Two of Provo's main entertainment attractions have gone through the ownership gamut the past year, but both are up and running for another summer season.
Seven Peaks Golf Course is now owned by a group of Provo investors who next year likely will replace a good portion of the course with a housing project. For this year, however, the golf course and driving range will remain open to the public every day except Sundays."We're not sure what we're going to do yet," said golf course owner Scott McQuarrie. "But I don't think you'll see any serious development here until next spring."
Meanwhile, Seven Peaks Water Park remains under the ownership of the Utah Department of Insurance while U.S. Bankruptcy Judge Glen Clark decides which bid for purchasing the park to accept. Currently the park is being managed by Paul Mix, who has operated the park since it was constructed in 1988.
"A lot of people get the wrong impression when they hear the word bankruptcy, but I can assure you this park is being run top notch," Mix said. "I built this baby, and I take a lot of pride in it."
State insurance officials obtained ownership of the water park and golf course last year when they seized the assets of Southern American Insurance. Insurance officials said Victor Borcherds, owner of Southern American, used the company's funds to purchase Seven Peaks Hotel and to build the golf course and water park. Borcherds failed to clear the loans, so insurance officials are liquidating the assets to repay more than $1 billion in claims.
Clark approved the sale of the hotel to Kahler Corporation out of Minnesota and BMT Investments of Orem for $6.1 million. The hotel is now operated as the Provo Park Hotel. The 82-acre golf course was sold to McQuarrie and his partners for $2.1 million.
Initially, Clark approved an offer from a group of NuSkin International executives to purchase the 23-acre water park for $1.95 million. In February, however, he decided to accept a higher offer of $2.6 million from Golfland Entertainment Center Inc. from Arizona.
A few weeks later Clark's decision was appealed by another bidder, Peak Investments, led by former Brigham Young University football star Jason Buck. Buck's group said the terms of the sale to Golfland were not consistent with the offer approved by Clark. Arguments on Buck's appeal where heard last week and Clark ruled Monday that the sale of the water park is still pending.
"Until we read the court transcript and have an opportunity to meet and discuss it we don't really know what his ruling means," Stillman said.
Stillman said the ruling likely means the Insurance Department can submit to Clark for approval the terms of the sale to Golfland, or it can reopen the bidding process. Insurance officials might allow Golfland and Peak to negotiate between themselves. Peak attorneys said in court Monday that they are willing to pay a higher price for the park than Golfland's bid.
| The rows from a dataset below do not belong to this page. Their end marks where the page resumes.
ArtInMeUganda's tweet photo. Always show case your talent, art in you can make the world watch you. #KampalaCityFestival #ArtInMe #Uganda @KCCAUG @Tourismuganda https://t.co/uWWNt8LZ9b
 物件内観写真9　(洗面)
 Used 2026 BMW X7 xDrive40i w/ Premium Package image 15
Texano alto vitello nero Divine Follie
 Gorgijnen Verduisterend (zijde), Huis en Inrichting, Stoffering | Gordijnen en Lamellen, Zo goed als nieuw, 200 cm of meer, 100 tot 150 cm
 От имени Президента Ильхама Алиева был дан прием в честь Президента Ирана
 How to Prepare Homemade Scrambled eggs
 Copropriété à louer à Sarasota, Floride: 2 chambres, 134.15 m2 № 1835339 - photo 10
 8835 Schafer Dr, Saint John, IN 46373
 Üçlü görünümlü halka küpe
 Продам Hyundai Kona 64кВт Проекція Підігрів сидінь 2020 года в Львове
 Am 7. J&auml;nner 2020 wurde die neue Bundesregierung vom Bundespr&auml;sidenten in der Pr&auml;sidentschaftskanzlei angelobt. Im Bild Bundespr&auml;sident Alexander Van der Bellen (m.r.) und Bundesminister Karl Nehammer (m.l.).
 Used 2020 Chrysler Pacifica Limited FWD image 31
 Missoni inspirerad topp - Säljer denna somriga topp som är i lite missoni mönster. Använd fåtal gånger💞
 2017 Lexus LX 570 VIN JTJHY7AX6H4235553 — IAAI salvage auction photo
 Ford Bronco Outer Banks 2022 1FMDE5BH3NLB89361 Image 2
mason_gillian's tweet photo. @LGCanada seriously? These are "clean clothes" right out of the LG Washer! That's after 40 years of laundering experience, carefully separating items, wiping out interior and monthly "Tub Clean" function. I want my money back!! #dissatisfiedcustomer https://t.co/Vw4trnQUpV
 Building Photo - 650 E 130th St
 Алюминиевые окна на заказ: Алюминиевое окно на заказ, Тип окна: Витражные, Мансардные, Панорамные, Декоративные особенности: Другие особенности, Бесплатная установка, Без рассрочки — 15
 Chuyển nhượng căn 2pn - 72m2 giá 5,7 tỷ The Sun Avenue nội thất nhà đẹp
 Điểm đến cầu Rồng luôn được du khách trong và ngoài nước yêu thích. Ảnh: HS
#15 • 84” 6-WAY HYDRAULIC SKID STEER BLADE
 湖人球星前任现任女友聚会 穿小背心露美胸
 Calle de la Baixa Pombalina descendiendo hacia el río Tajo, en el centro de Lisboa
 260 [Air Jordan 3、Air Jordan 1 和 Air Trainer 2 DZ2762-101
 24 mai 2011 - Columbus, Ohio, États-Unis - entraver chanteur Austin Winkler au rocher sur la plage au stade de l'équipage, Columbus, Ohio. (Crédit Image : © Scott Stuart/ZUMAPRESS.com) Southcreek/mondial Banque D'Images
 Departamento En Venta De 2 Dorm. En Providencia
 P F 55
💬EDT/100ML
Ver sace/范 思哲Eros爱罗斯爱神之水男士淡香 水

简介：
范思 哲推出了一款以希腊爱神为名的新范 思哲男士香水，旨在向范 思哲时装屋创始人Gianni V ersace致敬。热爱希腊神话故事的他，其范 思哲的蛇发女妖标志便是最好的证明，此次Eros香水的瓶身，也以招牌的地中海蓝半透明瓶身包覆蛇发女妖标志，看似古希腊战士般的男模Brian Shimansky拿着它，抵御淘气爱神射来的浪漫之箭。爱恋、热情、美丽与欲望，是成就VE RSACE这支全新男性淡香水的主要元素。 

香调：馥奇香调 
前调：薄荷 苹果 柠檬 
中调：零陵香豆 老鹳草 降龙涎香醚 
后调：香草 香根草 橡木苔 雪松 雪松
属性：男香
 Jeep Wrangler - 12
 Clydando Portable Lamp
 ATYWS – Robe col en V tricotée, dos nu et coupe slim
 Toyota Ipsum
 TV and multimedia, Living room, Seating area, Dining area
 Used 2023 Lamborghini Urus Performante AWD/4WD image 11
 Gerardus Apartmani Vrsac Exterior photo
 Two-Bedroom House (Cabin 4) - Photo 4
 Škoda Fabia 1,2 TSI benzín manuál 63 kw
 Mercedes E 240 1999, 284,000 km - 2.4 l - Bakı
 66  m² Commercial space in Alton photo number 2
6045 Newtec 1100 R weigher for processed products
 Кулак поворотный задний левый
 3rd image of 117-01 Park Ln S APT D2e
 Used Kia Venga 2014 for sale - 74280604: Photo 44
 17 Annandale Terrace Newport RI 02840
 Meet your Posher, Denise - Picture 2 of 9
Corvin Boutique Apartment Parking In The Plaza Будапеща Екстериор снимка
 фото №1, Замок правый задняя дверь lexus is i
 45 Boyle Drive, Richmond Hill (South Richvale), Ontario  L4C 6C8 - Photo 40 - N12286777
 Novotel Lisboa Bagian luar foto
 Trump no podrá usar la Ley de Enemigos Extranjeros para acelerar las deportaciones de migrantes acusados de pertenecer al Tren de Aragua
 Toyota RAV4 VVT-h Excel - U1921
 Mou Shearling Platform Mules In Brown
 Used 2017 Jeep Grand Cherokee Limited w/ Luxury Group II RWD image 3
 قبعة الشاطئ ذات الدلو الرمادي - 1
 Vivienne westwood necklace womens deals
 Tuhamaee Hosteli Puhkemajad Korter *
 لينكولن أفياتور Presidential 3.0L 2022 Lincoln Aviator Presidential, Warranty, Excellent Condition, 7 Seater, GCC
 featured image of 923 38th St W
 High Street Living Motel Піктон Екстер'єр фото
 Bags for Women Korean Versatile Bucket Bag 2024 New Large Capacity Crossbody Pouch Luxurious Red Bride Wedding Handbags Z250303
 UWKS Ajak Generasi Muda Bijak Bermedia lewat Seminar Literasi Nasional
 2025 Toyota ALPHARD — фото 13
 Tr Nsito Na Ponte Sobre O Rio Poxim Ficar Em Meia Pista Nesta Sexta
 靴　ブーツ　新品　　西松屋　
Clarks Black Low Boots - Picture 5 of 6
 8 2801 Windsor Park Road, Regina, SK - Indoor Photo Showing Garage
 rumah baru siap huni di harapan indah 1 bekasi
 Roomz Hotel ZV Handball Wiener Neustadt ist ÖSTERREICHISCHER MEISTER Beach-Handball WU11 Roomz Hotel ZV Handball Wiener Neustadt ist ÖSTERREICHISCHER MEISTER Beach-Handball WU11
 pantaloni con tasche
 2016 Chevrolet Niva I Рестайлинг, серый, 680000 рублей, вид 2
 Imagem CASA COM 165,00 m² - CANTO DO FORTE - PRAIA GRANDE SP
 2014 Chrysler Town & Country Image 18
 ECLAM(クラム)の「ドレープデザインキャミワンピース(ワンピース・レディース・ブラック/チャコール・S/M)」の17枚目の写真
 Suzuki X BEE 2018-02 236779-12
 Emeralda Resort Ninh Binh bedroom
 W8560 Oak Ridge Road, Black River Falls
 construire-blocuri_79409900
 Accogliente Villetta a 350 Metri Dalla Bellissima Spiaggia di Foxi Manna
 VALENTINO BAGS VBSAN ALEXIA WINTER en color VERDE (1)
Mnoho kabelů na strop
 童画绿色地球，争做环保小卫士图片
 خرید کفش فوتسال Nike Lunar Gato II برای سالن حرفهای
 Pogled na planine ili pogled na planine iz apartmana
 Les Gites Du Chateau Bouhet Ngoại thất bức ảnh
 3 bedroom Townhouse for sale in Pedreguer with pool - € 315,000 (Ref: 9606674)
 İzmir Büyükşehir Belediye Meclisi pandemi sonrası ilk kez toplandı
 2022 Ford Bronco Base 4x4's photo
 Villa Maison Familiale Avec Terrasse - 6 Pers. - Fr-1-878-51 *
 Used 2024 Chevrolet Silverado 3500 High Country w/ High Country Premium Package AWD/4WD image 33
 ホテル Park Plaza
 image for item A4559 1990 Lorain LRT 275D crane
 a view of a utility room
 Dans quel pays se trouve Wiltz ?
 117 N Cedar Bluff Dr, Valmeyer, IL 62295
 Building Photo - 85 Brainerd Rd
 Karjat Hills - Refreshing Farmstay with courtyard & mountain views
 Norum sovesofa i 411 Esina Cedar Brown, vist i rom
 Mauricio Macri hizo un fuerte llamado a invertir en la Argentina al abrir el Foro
The Insurance Department might choose to operate the park through this summer and try to resolve the dispute during the winter.
"The water park will be sold, but it might not be this year," Stillman said.
If Golfland purchases the park, it likely will construct a miniature golf course on the softball diamonds located west of the water slides, Mix said.
"Miniature golf is their specialty, so I'd be surprised if they didn't build one here," he said.
If the golf business is lucrative, McQuarrie said Seven Peaks Golf Course might remain open past next year. Right now, however, investors are hoping for a zone change where they can construct single-family homes and townhouses on the property.
If the housing project goes through, developers plan to preserve three to six holes of the 18-hole course for private use by the residents.
"We'll try to keep nine open, but we don't know if that is possible," McQuarrie said.